Warnings from history
The results are stunning: more than 30 large earthquakes, of magnitudes 6 to 6.7, broke the Fucino faults over the past 15,000 of years. Each large “earthquake” identified by the method was actually not a single event, but a cascade of several strong earthquakes that followed along a fault, probably over a few years or decades, to break it entirely. These cascades recall the one we are seeing today.
The vertical displacements produced at surface by the prehistoric earthquakes were up to 2-3 metres, just as those produced by the strongest October 30 earthquake of the 2016-2017 cascade (see picture below).
The picture above shows how the Monte Vettore fault has created a steep high cliff over time. The fault plane goes deep below the surface, to about 10-15km deep. It is at such a depth where large earthquakes generally begin. When a large earthquake occurs, it makes rocks slide vertically on either side of the fault plane. One side, on the left of the picture, is brutally moved upward, and its shallowest part is pulled up from the Earth, forming here a 2m high fresh wall (where people stand).
Along each fault, each cascade of prehistoric earthquakes was shortly followed by one or two other similar cascades which intensely shook the fault over a period of a few hundred years.
All of the ten faults we analysed ruptured in repeated earthquake cascades at about the same times: 11,000 years ago, then 4,500 years ago, and more recently, around the fifth century.
These results markedly change our thinking about earthquakes. We have long believed that the occurrence of one large earthquake in a region represented the Earth relaxing, and as such, the promise of a subsequent period of calm.
This might not be correct: a large earthquake can be followed by strong shocks, cascading along a fault until they succeed in breaking it entirely. These cascades can last days to years. They can also repeat over centuries.
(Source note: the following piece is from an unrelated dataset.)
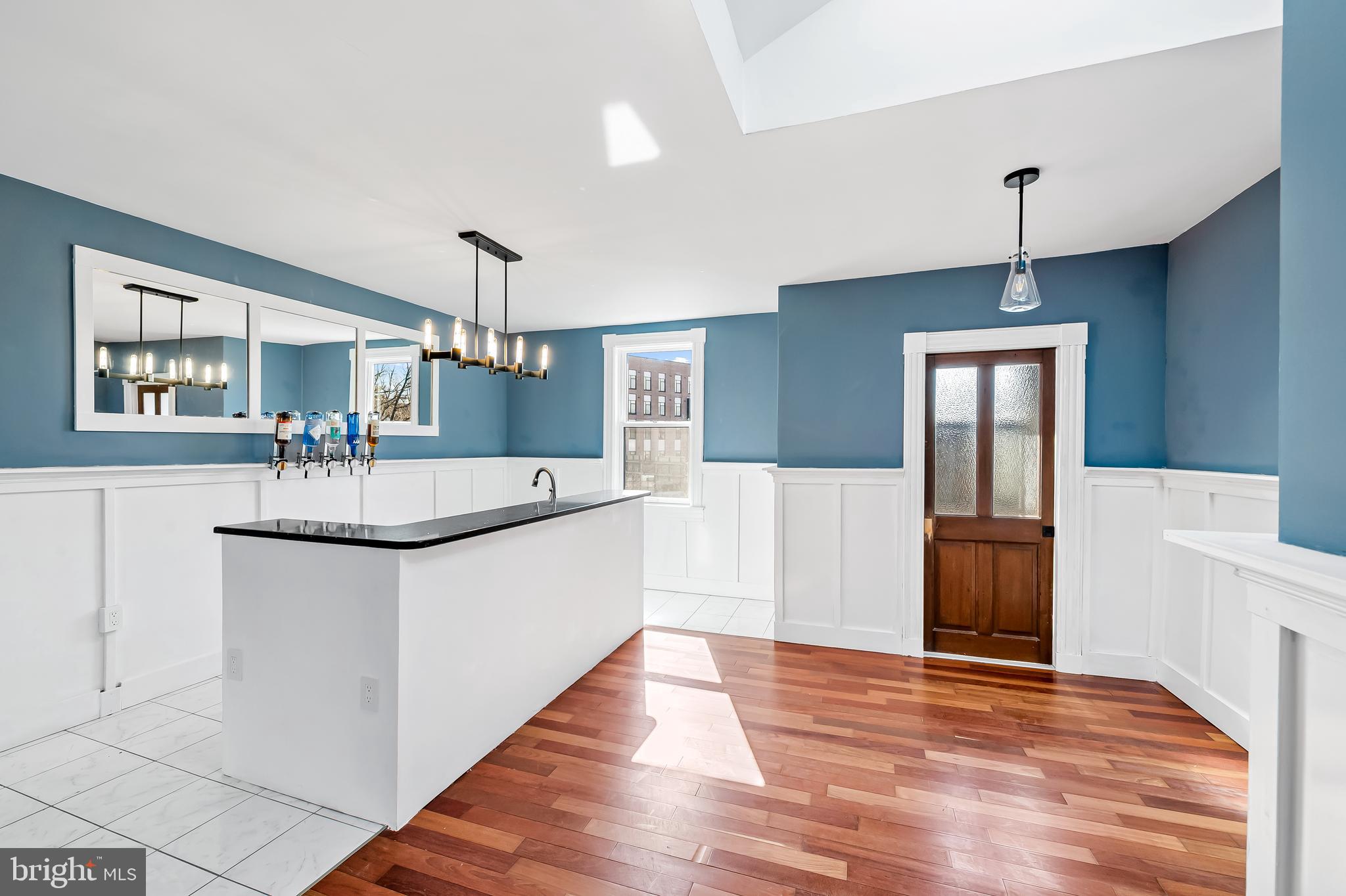 1910 Mount Royal Ter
They can even occur at the same time as cascades on different faults.
Faults prone to producing cascading earthquakes are numerous in Italy as in other regions worldwide. Seismic hazard is thus high in most of Italy, and is still serious in the Amatrice-Norcia region and nearby areas, as recent events demonstrated.
The southern segment of the Amatrice-Monte Vettore fault might have broken today, possibly completing the rupture of the entire system. But the hazard is not over because other faults exist around the Amatrice-Monte Vettore system: in the north, several faults have not ruptured for centuries; in the west, where there are other faults that are likely to be mechanically connected with the Amatrice-Monte Vettore system; and in the south, where the huge Gran Sasso fault system has not ruptured for centuries.
We can do nothing to stop cascading earthquakes. But it is important to be aware that they might occur, in Italy and elsewhere.
The fault mapping in this article has been done by the author based on available documents and complementary analysis of satellite Google Earth images and SRTM topographic data. The rupture of the segments is inferred from seismological, geodetic and field observation data mainly reported by INGV Italy, CNRS France, and COMET UK, complemented with the author’s preliminary analysis of Pleiades satellite images. The rupture mapping will be refined in the forthcoming months while data analyses are completed.